● **PROBLEM DESCRIPTION**: What's needed is an exact copy of the lines from the one that contains "Люди, которые Делают" to the end of the data below, leaving the pictures out.

<<<<

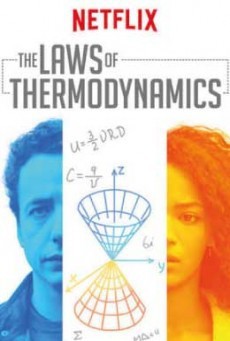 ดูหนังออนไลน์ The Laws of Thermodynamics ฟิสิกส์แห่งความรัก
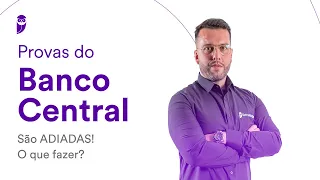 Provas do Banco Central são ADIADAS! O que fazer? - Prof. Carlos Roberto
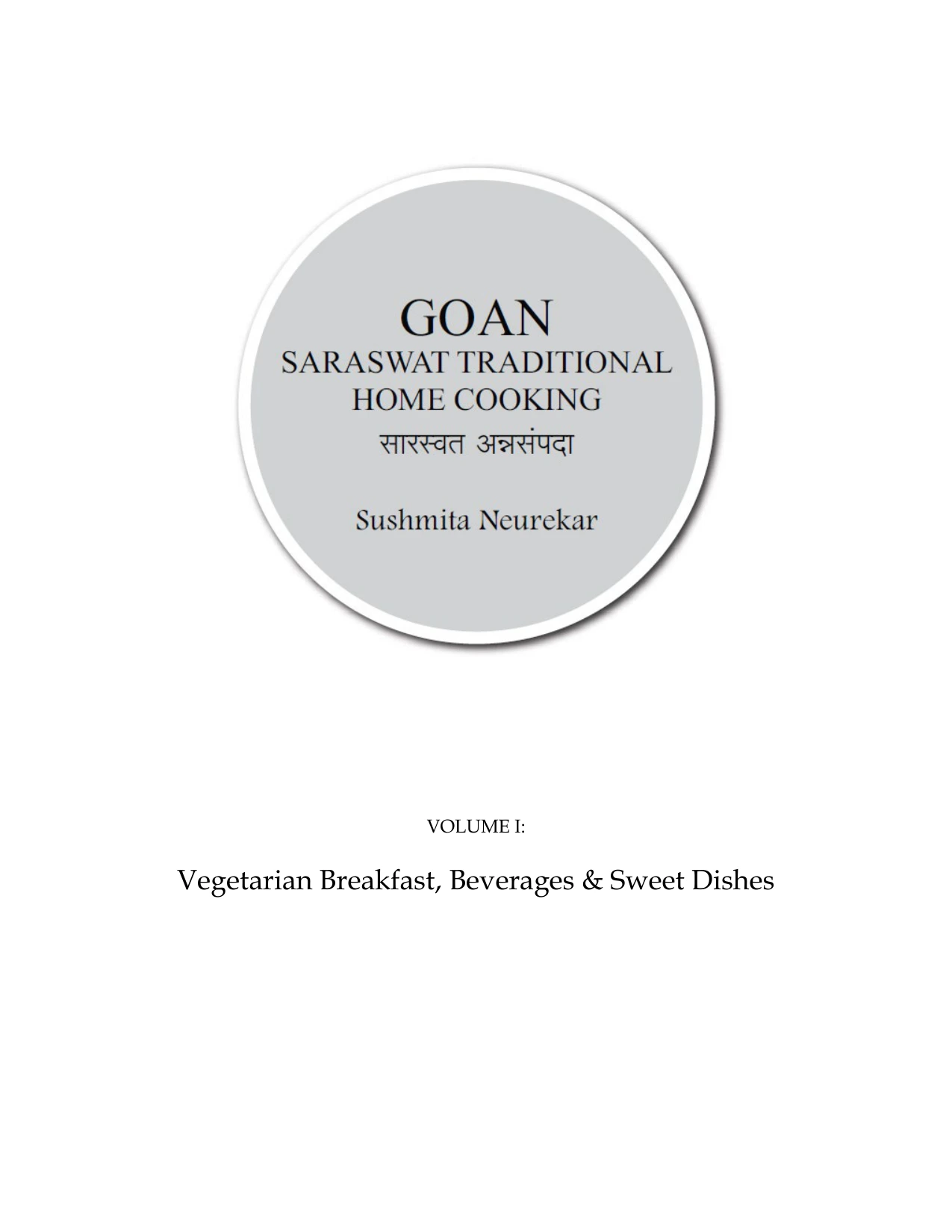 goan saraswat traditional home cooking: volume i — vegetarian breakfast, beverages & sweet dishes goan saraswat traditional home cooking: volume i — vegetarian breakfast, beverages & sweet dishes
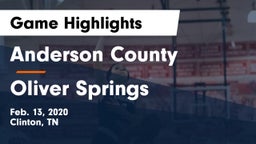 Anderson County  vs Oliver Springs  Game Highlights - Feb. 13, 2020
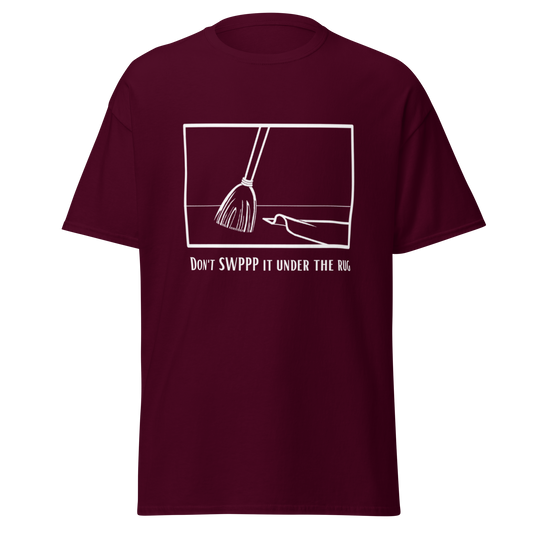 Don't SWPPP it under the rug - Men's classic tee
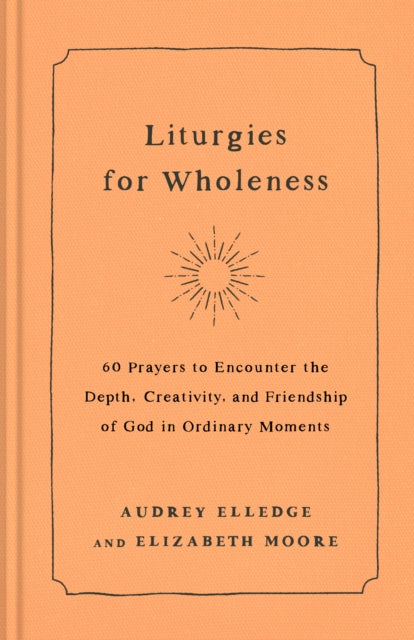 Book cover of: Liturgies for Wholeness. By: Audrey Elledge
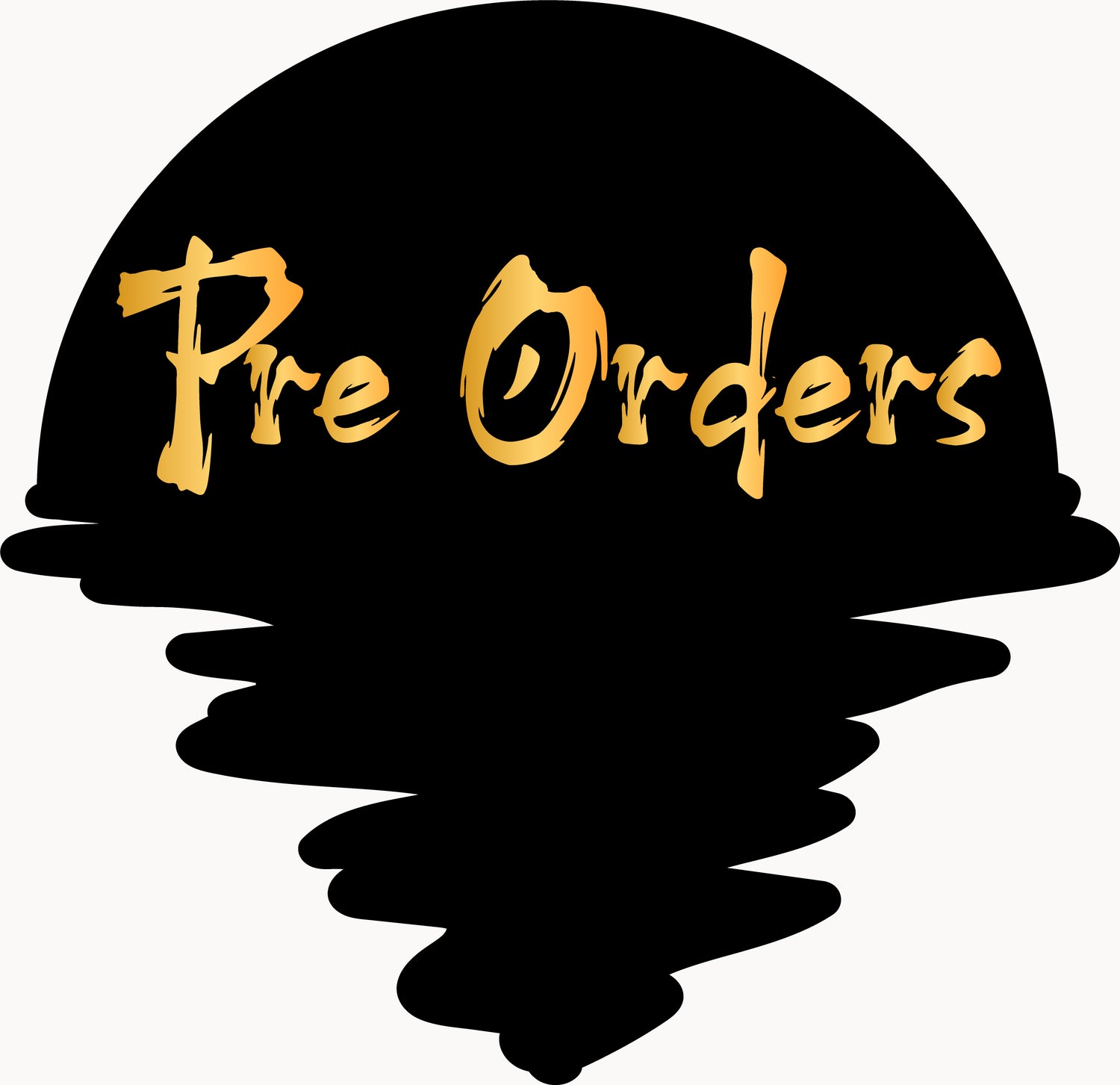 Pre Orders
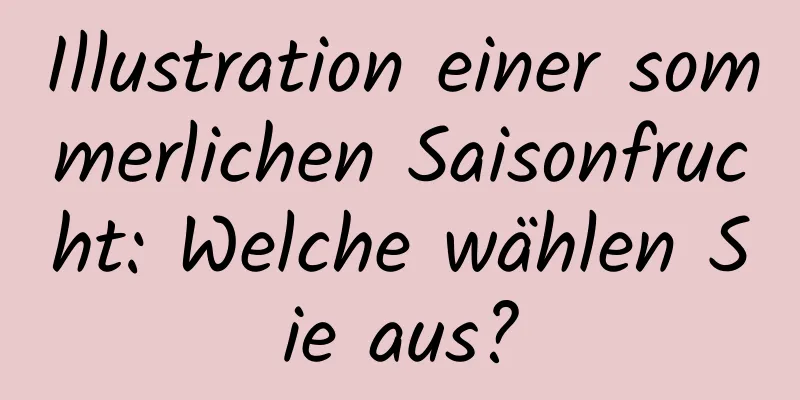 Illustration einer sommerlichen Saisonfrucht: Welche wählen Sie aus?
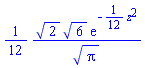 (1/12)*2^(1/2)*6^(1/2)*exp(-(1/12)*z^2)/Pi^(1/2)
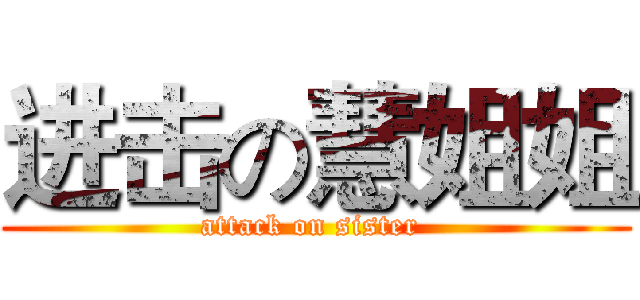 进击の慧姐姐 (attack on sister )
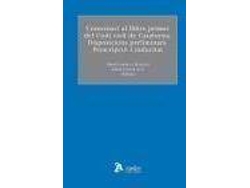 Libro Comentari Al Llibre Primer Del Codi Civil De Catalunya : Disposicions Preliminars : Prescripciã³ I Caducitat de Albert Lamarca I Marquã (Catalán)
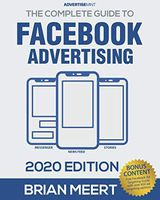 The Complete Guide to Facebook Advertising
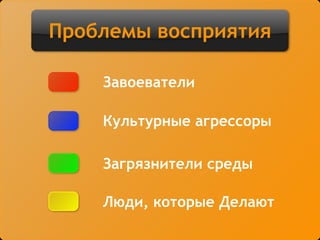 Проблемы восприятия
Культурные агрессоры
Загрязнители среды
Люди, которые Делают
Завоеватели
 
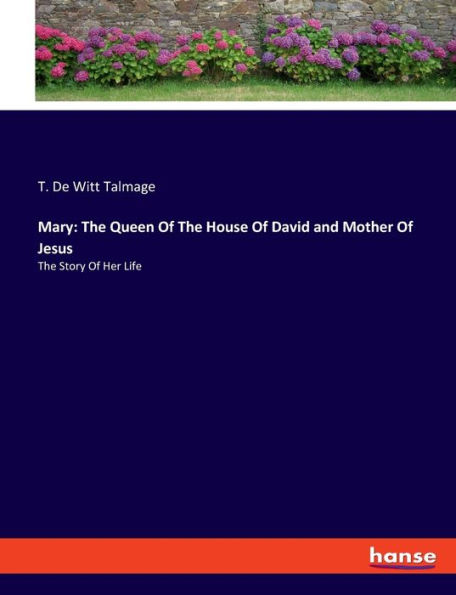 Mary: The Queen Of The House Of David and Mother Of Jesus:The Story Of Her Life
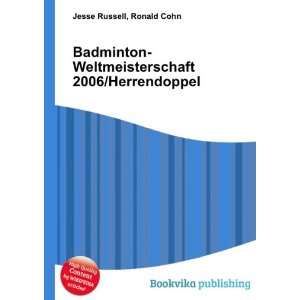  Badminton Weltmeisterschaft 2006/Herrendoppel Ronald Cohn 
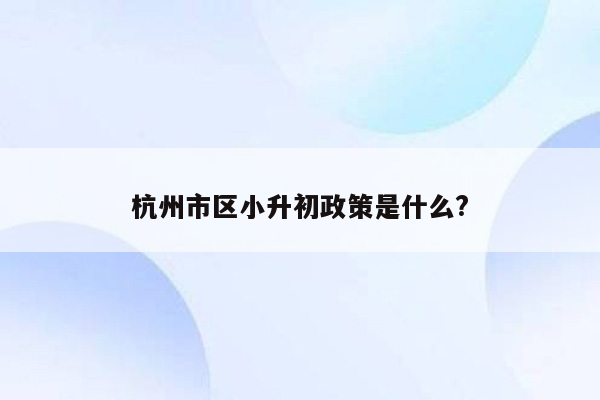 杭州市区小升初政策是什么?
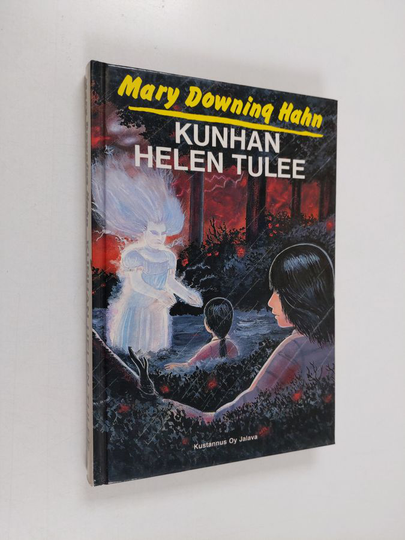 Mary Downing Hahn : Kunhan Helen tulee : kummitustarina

>>>>

● **OUTPUT FOR THIS EXERCISE**:
Люди, которые Делают
Завоеватели
 
 Mary: The Queen Of The House Of David and Mother Of Jesus:The Story Of Her Life
  Badminton Weltmeisterschaft 2006/Herrendoppel Ronald Cohn 
 杭州市区小升初政策是什么?
 Mary Downing Hahn : Kunhan Helen tulee : kummitustarina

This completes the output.